Major General Muhammadu Buhari (rtd), for that is his title, and he was indeed a Major General, but today retired from that position and now twice democratically elected president of Nigeria – is not the choice of Punch Newspaper’s editors and owners, that is clear.
He is, however, the two-time electoral choice of the voters of Nigeria, those very people who Punch Newspapers described this morning as “lethargic”: a disdaining epithet apportioned to decent, hard-working, everyday Nigerians for not agreeing with, and for not having voted in line with their publication’s editorial and political opinions.
Punch’s editorial today is, however, entirely in line with holding and exercising the right of free speech and freedom of the press, as my friend and colleague, Femi Adesina said earlier today.
Femi, Special Adviser, Media and Publicity said the fact the Punch can insult the President in a front page editorial and they go home to sleep, peacefully, is the best testimony to the prevalence of the freedom of the press and of expression in the country.
To quote him, “rather than being pejorative, addressing President Buhari by his military rank is another testimony to free speech and freedom of the press, which this administration (or regime, if anyone prefers: it is a matter of semantics) has pledged to uphold and preserve.”
In countries around the world where this right does not exist, newspapers do not publish articles such as the one Punch did today; nor do they get to express political opinions contrary to that of government. The exact freedoms Punch claims are missing are self-evident here – in print, on the internet – for all Nigerians and the whole world to see.
There is nothing wrong with expressing contrary opinions to this government – nor being in opposition to the president: this is the right of very Nigerian.
However, calling for the armed overthrow of the democratically elected administration is a different matter entirely: this Punch has in no way done – but others who they seek to defend, have.
There is the difference.
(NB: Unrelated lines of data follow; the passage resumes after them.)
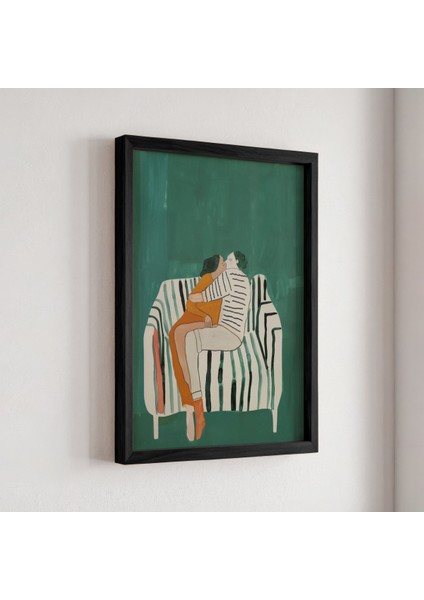 Kanepede Romantik Çift Baskısı Ahşap Çerçeveli Duvar Tablosu fiyatları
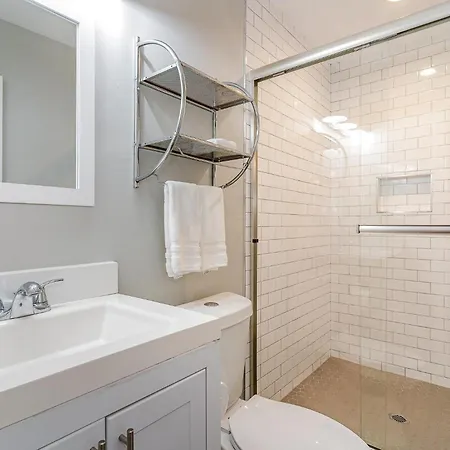 Dove - Private Patio - Mins To Broadway Holiday home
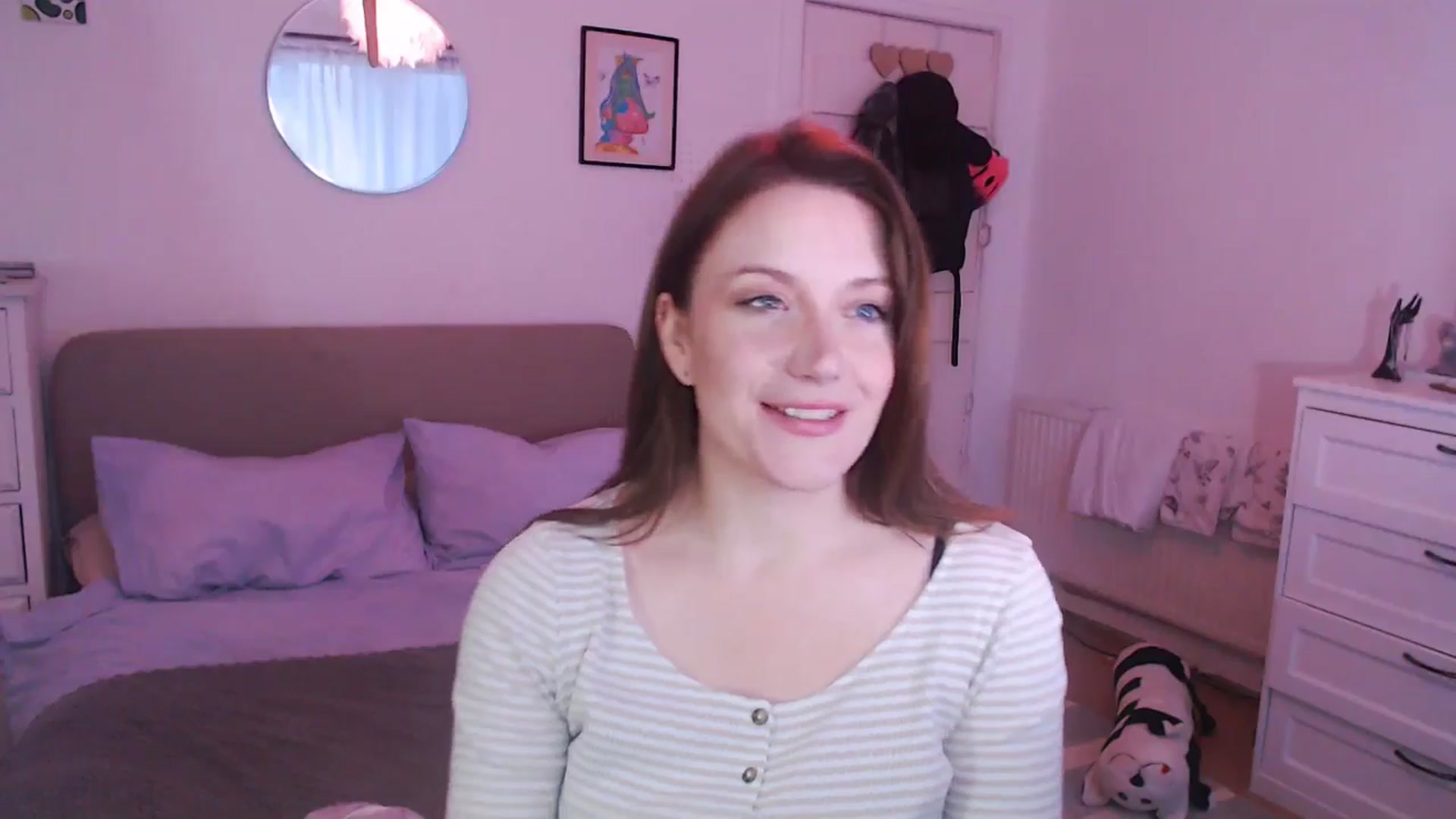 Gallery image thumbnail from xDaisyx's myfreecams stream on, 12/17/2024, 18:02 image 4 of 20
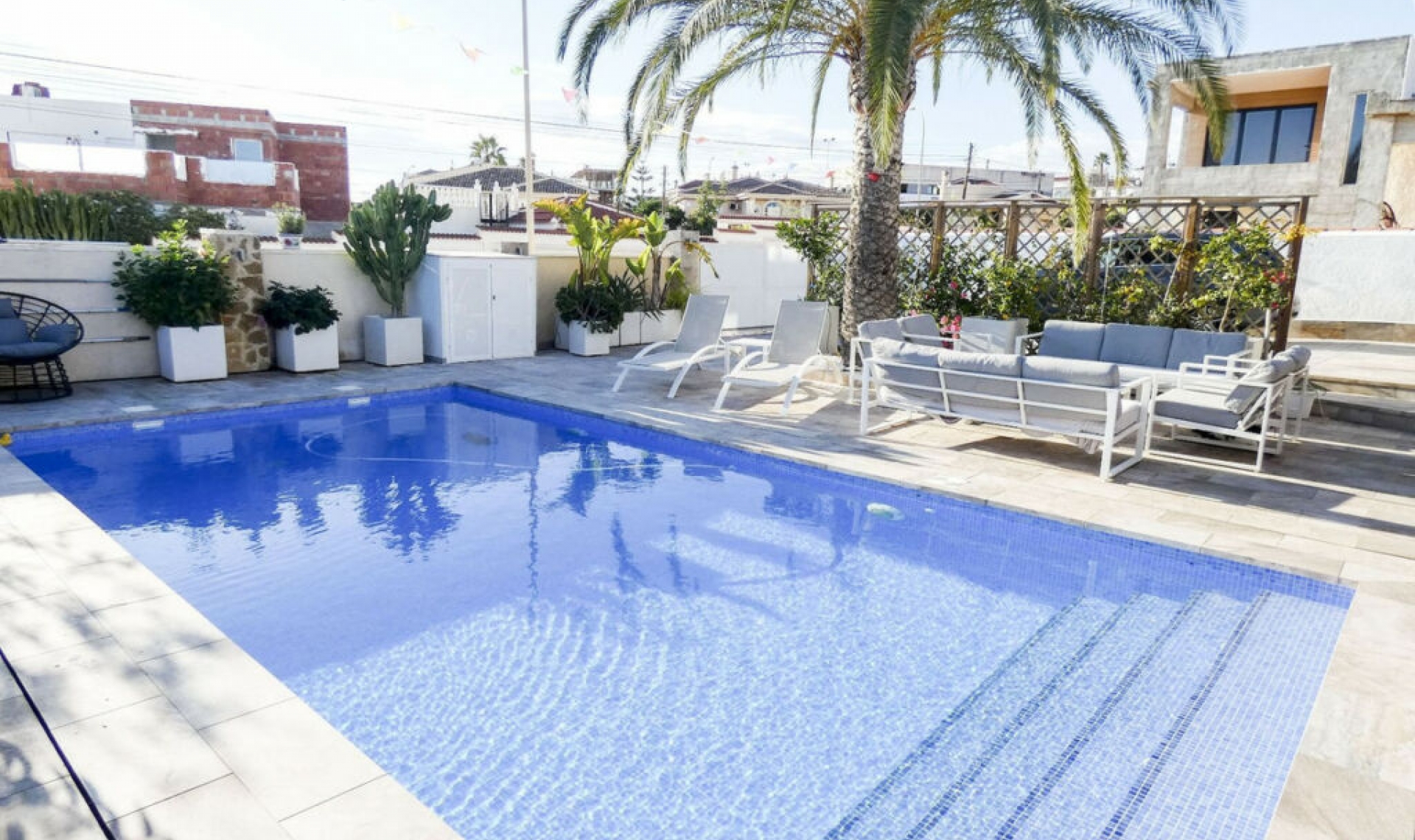 Resale - House -
Ciudad Quesada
Punch: oppose the government as much as you want to.
We welcome your contribution to the debate. But we ask you not to throw insults at the good voters of Nigeria for not agreeing to your choice at the last election.
Oppose in good humour: for that is the mark of the true democrat – that which you purport to be.
It is not within the power or rights of a newspaper to unilaterally and whimsically change the formal official title or the designation of the country’s President as it pleases.
It is unprecedented and absurd in our recent political history. The Punch never changed President Olusegun Obasanjo’s title from the President to General Obasanjo, despite the latter’s refusal to comply with Supreme Court judgment, ordering him to release N30 billion of Lagos State local councils funds.
When General Ibrahim Babangida who wasn’t democratically elected assumed the title of President, why didn’t the Punch challenge him or address him by any title it so desired?
In fact, IBB closed media houses for several months and years, including Punch.
But the paper didn’t stop addressing him as President, despite the fact that he wasn’t elected.
It is obvious that the Punch newspapers are playing partisan opposition politics which has nothing to do with journalism.
The Constitution of Nigeria recognises the President as the formal official title of the occupant of that office. Can the Punch newspapers, in their hubris address the President as Prime Minister as it pleases?
Is it within the paper’s responsibility or power to change the official title of the man who occupies the office of the President? Does that mean any newspaper is free to address the Comptroller General of Customs a Colonel rather than his official title?
The Punch newspaper should separate journalism from partisan politics. What it is embarking upon is purely political and it is designed to play to the gallery and cause confusion.
Punch Newspaper’s double standards in cuddling some of our past dictators and their open contempt for President Buhari clearly show that the paper has sinister motives for its current curious editorial judgment. Its personal hatred for and animus towards President Buhari should not be allowed to becloud its good judgment.